- Born: Torsten Sjögren 30 January 1896 Södertälje, Sweden
- Died: 27 July 1974 (aged 78) Gothenburg, Sweden
- Education: Stockholm, Lund university
- Known for: Die Internationale der Rassiten (For the Betterment of the Race), Sjögren–Larsson syndrome
- Awards: Royal Swedish Academy of Sciences
- Scientific career
- Fields: Psychiatry, genetics, eugenics
- Institutions: Lund university, International Federation of Eugenic Organizations, Karolinska Institute

= Torsten Sjögren =

Swedish psychiatrist and geneticist

Karl Gustaf Torsten Sjögren (/ˈʃoʊɡrən/ SHOH-grən, /sv/; 30 January 1896 - 27 July 1974) was a Swedish psychiatrist and geneticist.

==Biography==

He was born in Södertälje and died in Gothenburg.
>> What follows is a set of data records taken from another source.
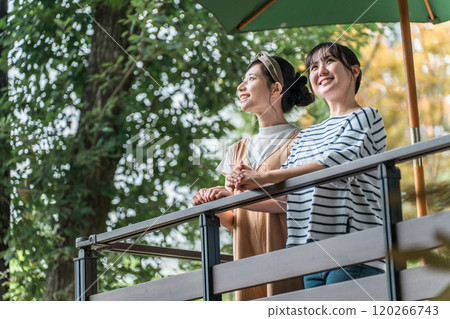Young Asian woman relaxing on the wooden deck of a pension cottage cabin 120266743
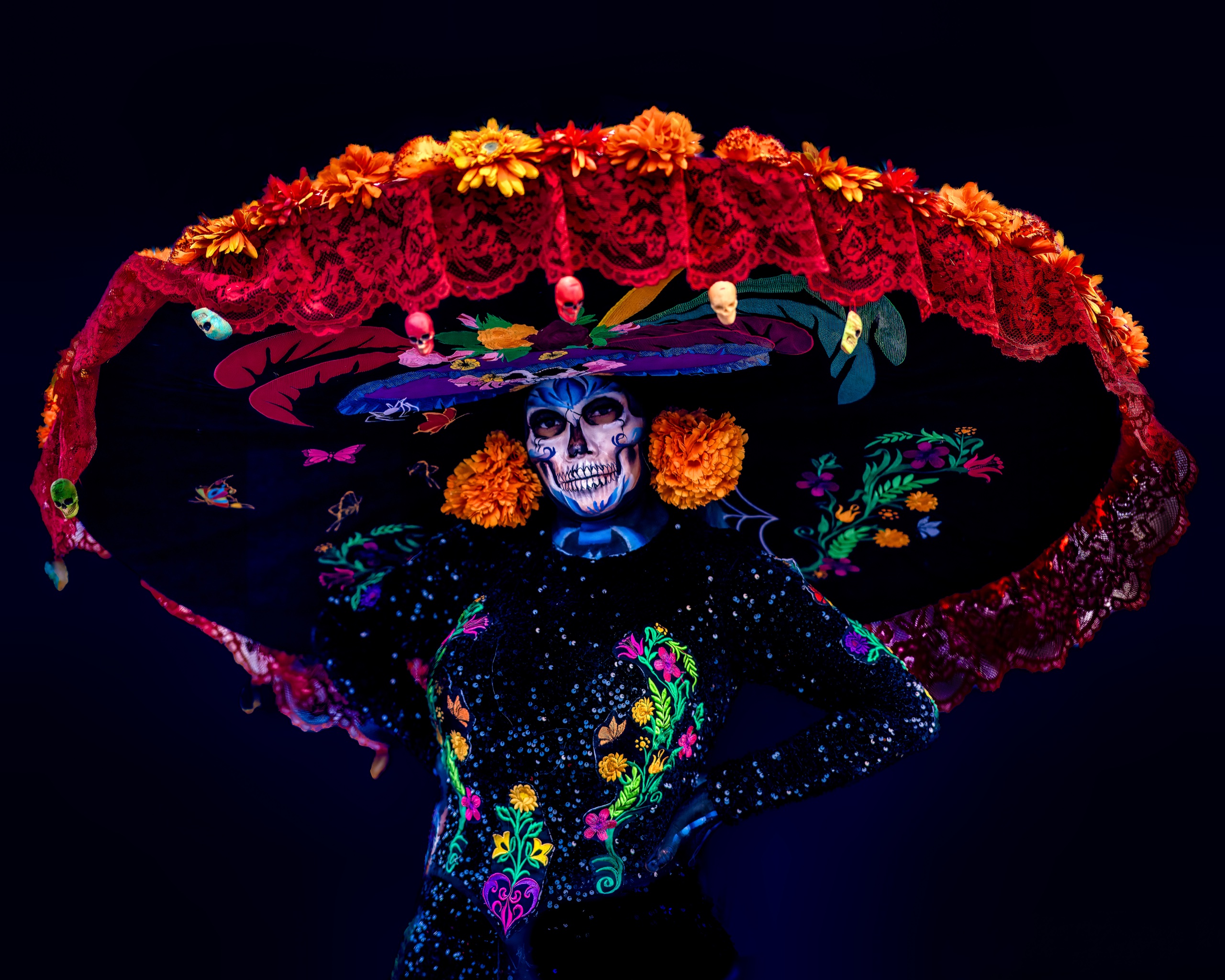 A person in elaborate Día de los Muertos Catrina makeup and a wide floral hat against a dark background.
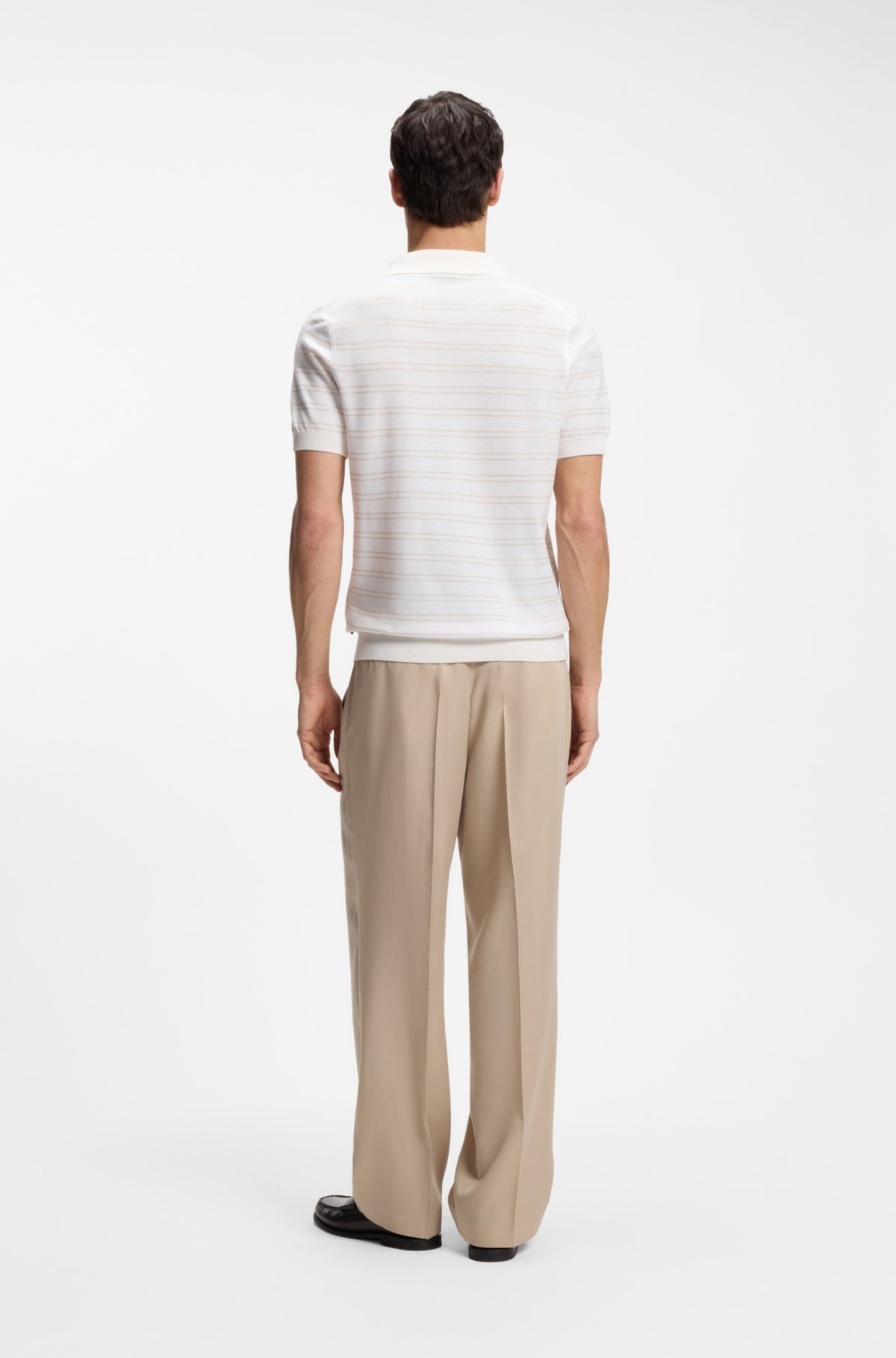 Cotton-blend knit polo with horizontal stripe.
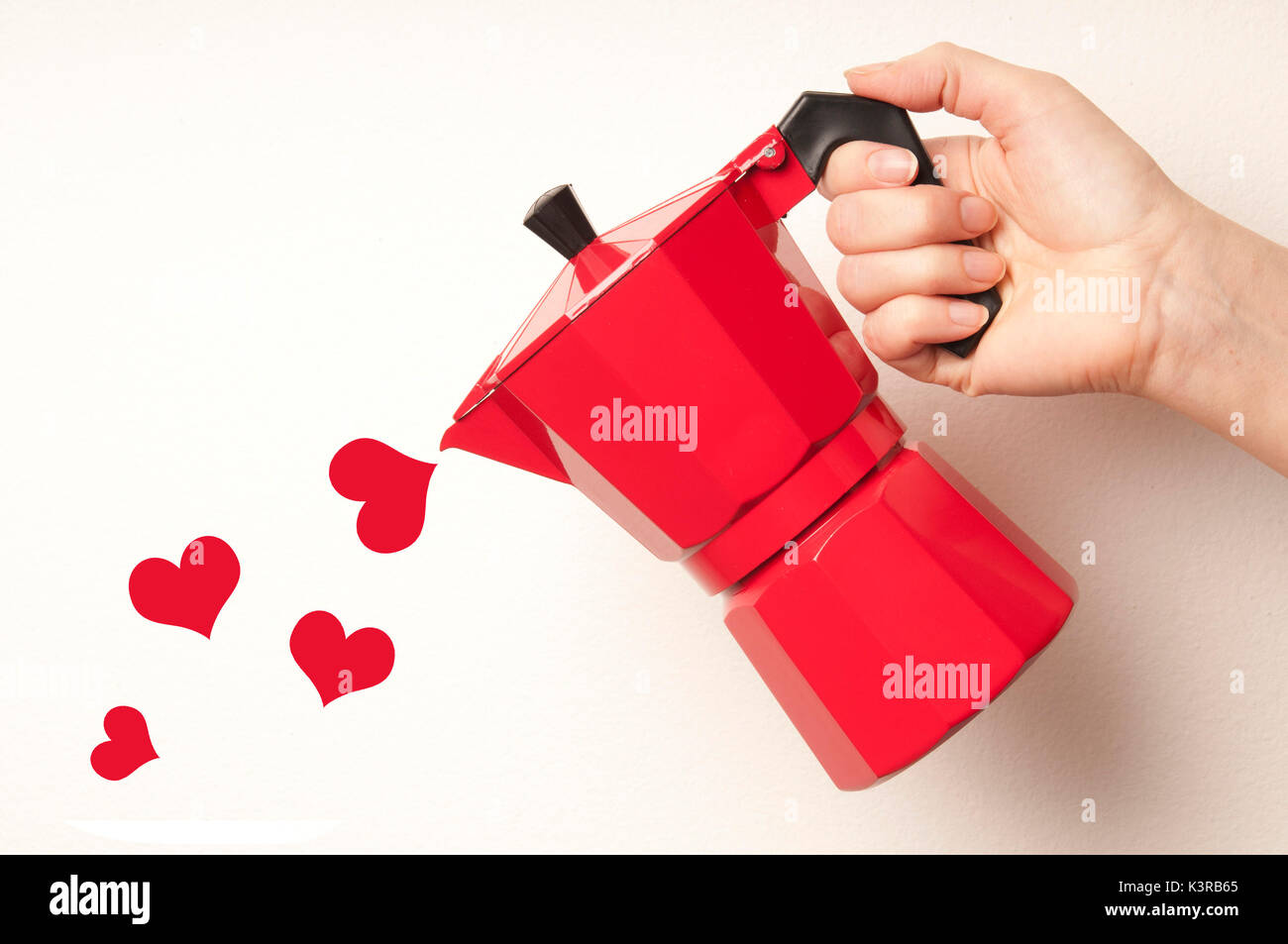 Hand gießen Herzen aus einer Kaffeemaschine moka, Liebe für Kaffee Konzept Stockfoto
In Stockholm, he graduated as a licentiate of medicine in 1925, and in 1931 he became doctor of medicine and a docent of psychiatry at Lund university. Torsten Sjögren was the chairman of the International Federation of Eugenic Organizations in the late 1930s. According to Stefan Kühl in For the Betterment of the Race (originally Die Internationale der Rassiten 1997), Sjögren was submissive to the Nazi party with their increasingly controversial views on eugenics, which contributed to the disintegration of the organization in the latter half of the 1930s. Torsten Sjögren was professor of psychiatry at the Karolinska Institute from 1945 to 1961. He was elected a member of the Royal Swedish Academy of Sciences in 1951. Sjögren–Larsson syndrome is named after him (along with Tage Larsson) as well as Marinesco–Sjögren syndrome.

==Scientific work and reputation==

Sjögren's 1931 thesis on juvenile amaurotic idiocy (the disorder now called juvenile neuronal ceroid-lipofuscinosis, or Batten disease) combined pedigree analysis with post-mortem histochemistry and proposed the first Mendelian model for the disease. Throughout the 1930s he argued that many forms of intellectual disability were genetically distinct entities and should be classified by inheritance pattern rather than symptom profile. This programme culminated in 1957 with his monograph‐length paper on Sjögren-Larsson syndrome, in which he and dermatologist Tage Larsson linked congenital ichthyosis, spastic diplegia and oligophrenia to a single autosomal recessive gene—an interpretation confirmed decades later when fatty aldehyde dehydrogenase (FALDH) mutations were identified.

At the Karolinska Institute (1945–1961) Sjögren established Sweden's first Department of Medical Genetics, introduced cytogenetic screening of institutionalised children, and launched a twin registry that became a cornerstone of Nordic behavioural genetics research. He also co-authored the description of Marinesco-Sjögren syndrome (1962), extending the clinical spectrum of congenital ataxias.

==Eugenics and later assessment==

Between 1935 and 1939 Sjögren chaired the International Federation of Eugenic Organizations, steering it toward a "heredity-centred public-health agenda". According to the historian Stefan Kühl, his willingness to accommodate German racial hygienists—while personally rejecting anti-Semitism—contributed to the federation's collapse in 1939. Swedish commentators of the 1950s regarded his eugenic advocacy as an anachronism, yet psychiatric-genetics textbooks continue to cite his early family studies as methodological benchmarks.